Cortese a écrit:Pourquoi faire des films de fiction si on a la rage du réalisme jusqu'au boutiste ? Autant tourner des documentaires animaliers. C'est passionnant l'éthologie. L'autre j'écoutais Tobie Nathan faire le lien entre le Freud de la deuxième partie (que je ne m'étais jamais expliqué) de "L'Homme Moïse" et les dernières recherches en éthologie. C'est donne quand même moins envie de bailler qu'une Palme d'Or standard (j'ai failli écrire stéréotypée).
Le réalisme en tant qu'esthétique ou procédé peut être un "déguisement mensonger" du réel. Car enfin, reprenons: si le réalisme est un piège, ce n'est pas qu'il s'approcherait trop du réel (ce vers quoi l'on va) mais plutôt en ce qu'il nous en éloigne (la réalité qui s'impose à nous). La représentation part du cliché, si tu veux, pour approcher le réel, le vrai et l'universel. Comment d'un corps singulier (celui de Henry Fonda ou de Maureen O'Hara) accéder à l'universalité de l'être humain, sa royauté comme on dit dans un français un peu éteint.
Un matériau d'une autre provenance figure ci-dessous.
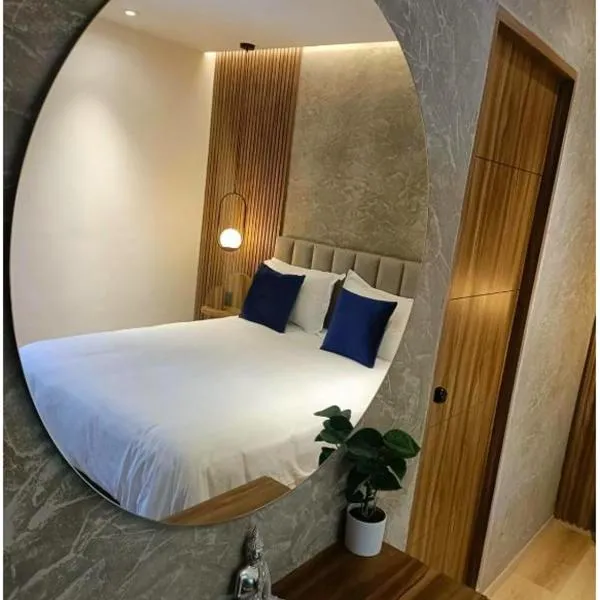 SUEtes tres4dos, hotel a Città del Messico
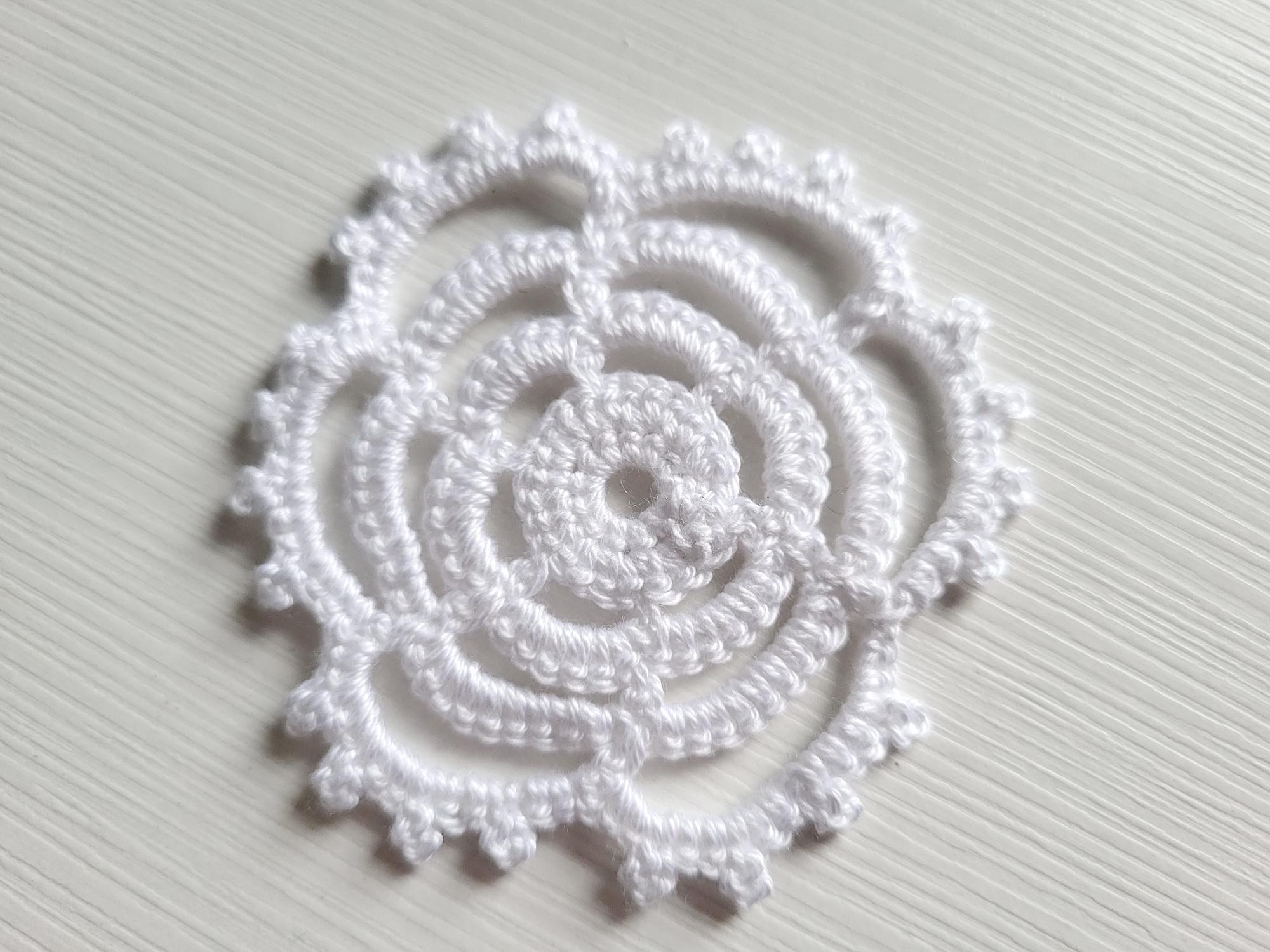 Crochet Netting flower with picots pattern
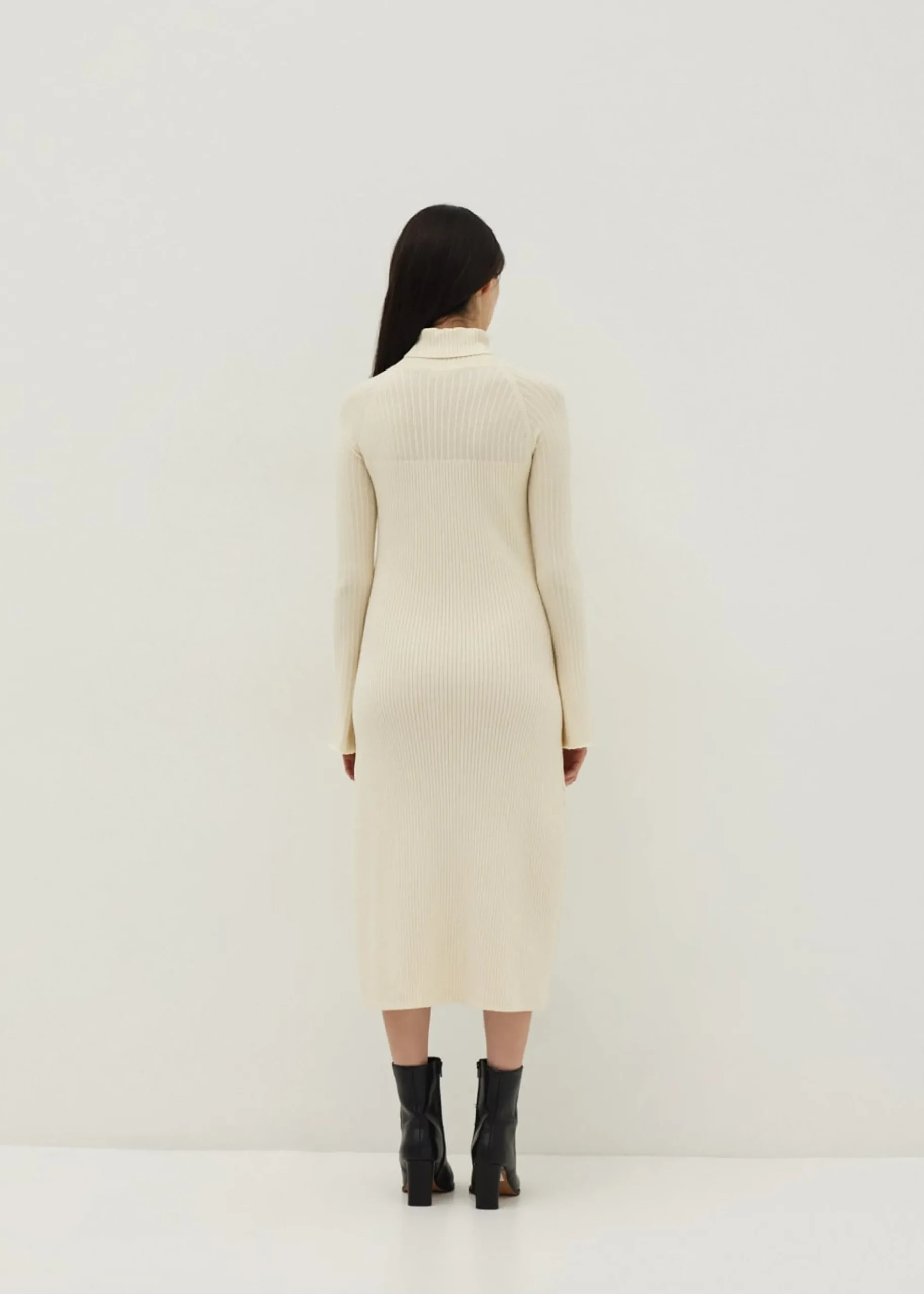 Turtle Neck Flare Sleeve Knit Dress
Les mauvais acteurs font écran (ils sont assez rares, malgré tout), les grands acteurs ouvrent infiniment pour accueillir chacun des spectateurs. Et le travail n'y fera rien. Dès l'enfance, dès l'adolescence, un gamin sera formidable sans rien y faire, et toute sa vie, son jeu ressemblera à celui de ses premiers films, car enfin au cinéma, jouer ou ne pas jouer n'a guère d'importance (y compris pour les seconds rôles, c'est une affaire d'écriture), il faut être, il faut paraître, il faut apparaître. Que pouvons-nous y faire ? Rien du tout. Sinon blâmer les scénaristes, les réalisateurs, à qui l'on demande le travail, l'imagination. L'acteur est une bulle de savon. S'il veut croire à ses préparations mentales, au charabia, aux gris gris, si ça l'aide à mieux être identique à lui-même, tant mieux pour les spectateurs. Tant pis pour Natalie Portman, et les gentils aspirants acteurs qui croient sincèrement qu'elle peut leur transmettre un pouvoir, une leçon ou un talent qu'elle serait bien incapable de nommer, non pas tant parce qu'il lui fait défaut, mais parce qu'il ne se partage ni ne se transmet au cinéma.